- [EXERCISE GOAL] A verbatim transcription of the listing below is required, without its pictures.

(Beginning of SUPPLIED INFORMATION)

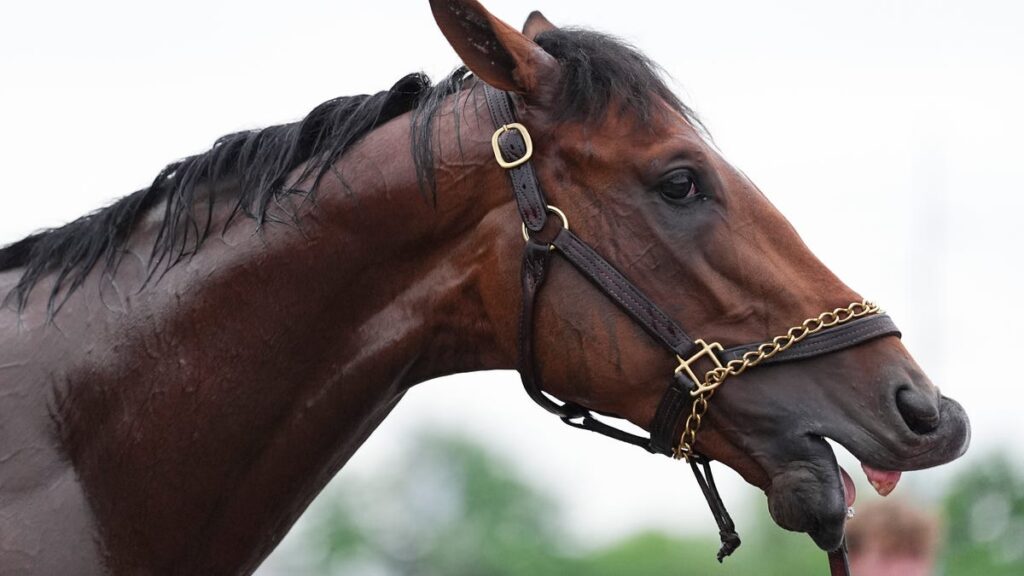 Kentucky Derby 2025 horses list: odds, trainers, jockeys, scratches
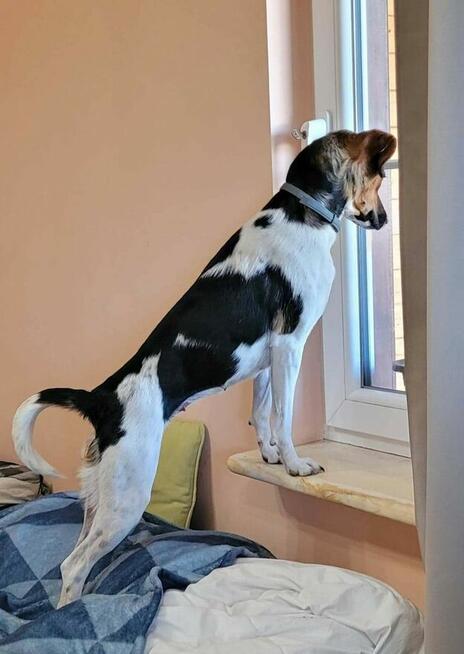 Śliczna kochana sunia marzy o domku gdzie będzie szczęśliwa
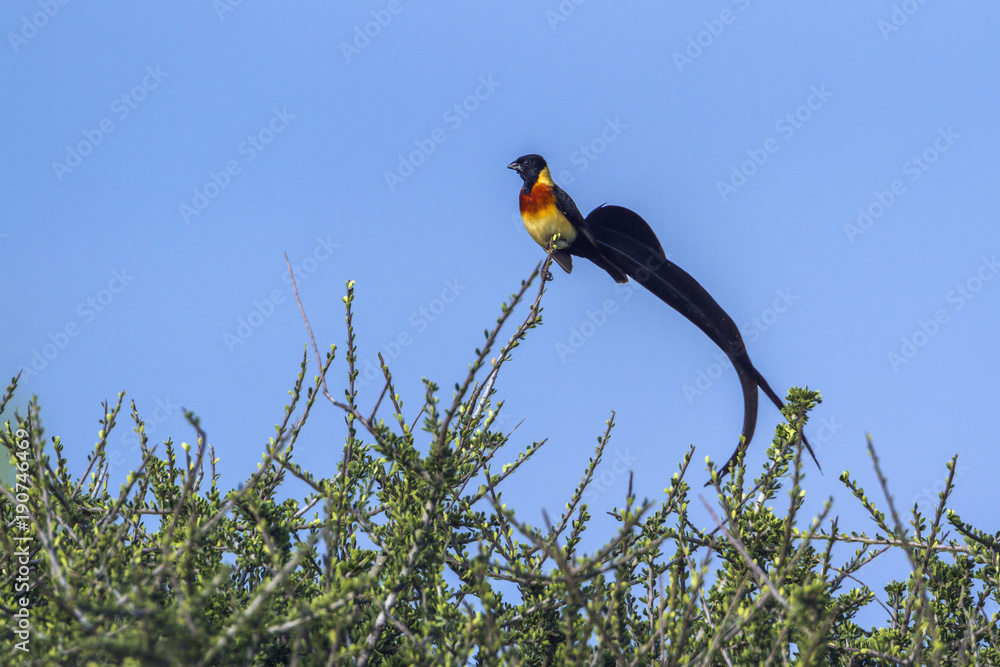 Obraz premium Eastern Paradise-Whydah in Mapunbugwe National park, South Africa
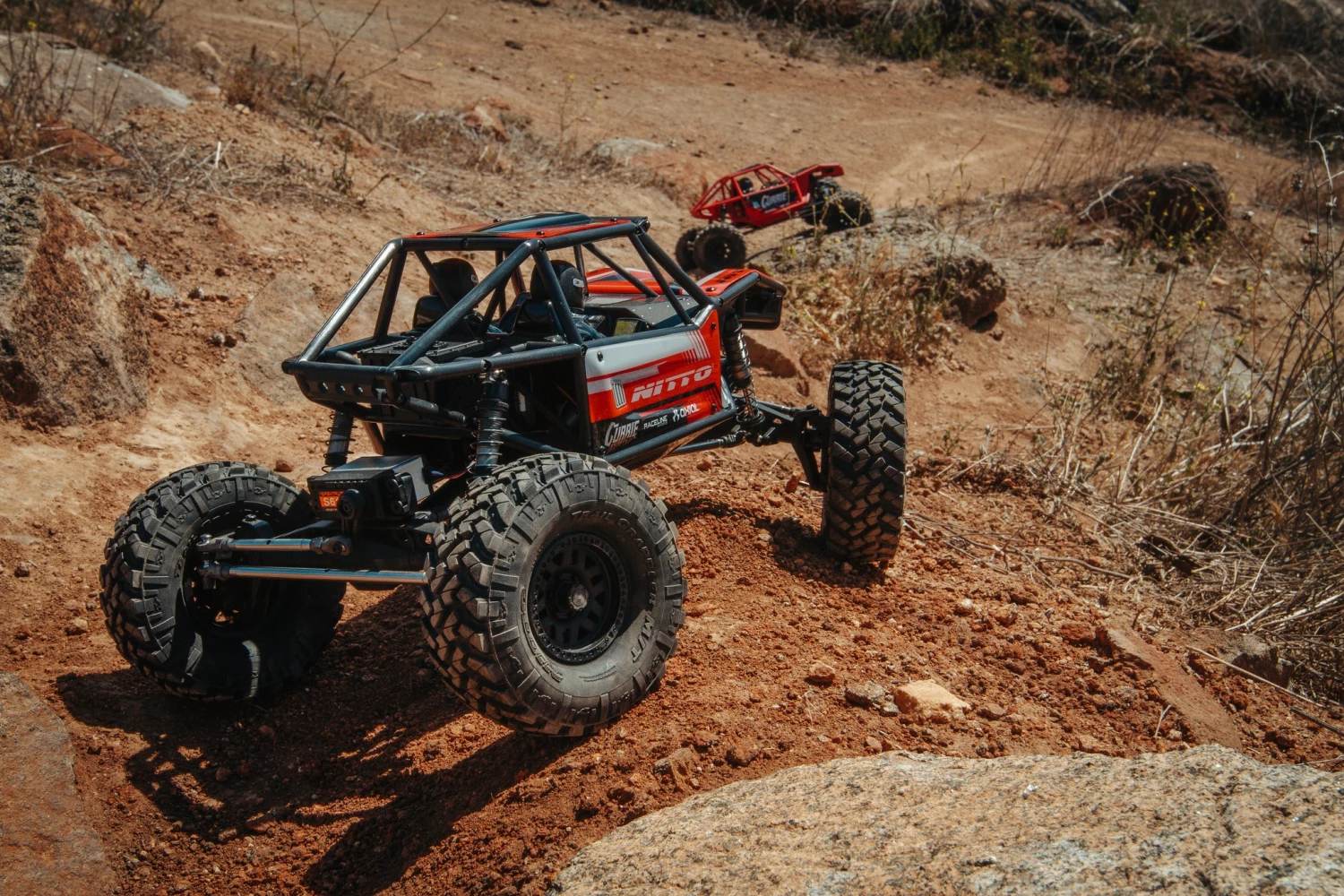 Axial Online Shop -Axial Online Shop 257611043 10159176674940873 3344602893903822105 n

(End of SUPPLIED INFORMATION)

- [ANSWER BELOW]
 Kentucky Derby 2025 horses list: odds, trainers, jockeys, scratches
 Śliczna kochana sunia marzy o domku gdzie będzie szczęśliwa
 Obraz premium Eastern Paradise-Whydah in Mapunbugwe National park, South Africa
 Axial Online Shop -Axial Online Shop 257611043 10159176674940873 3344602893903822105 n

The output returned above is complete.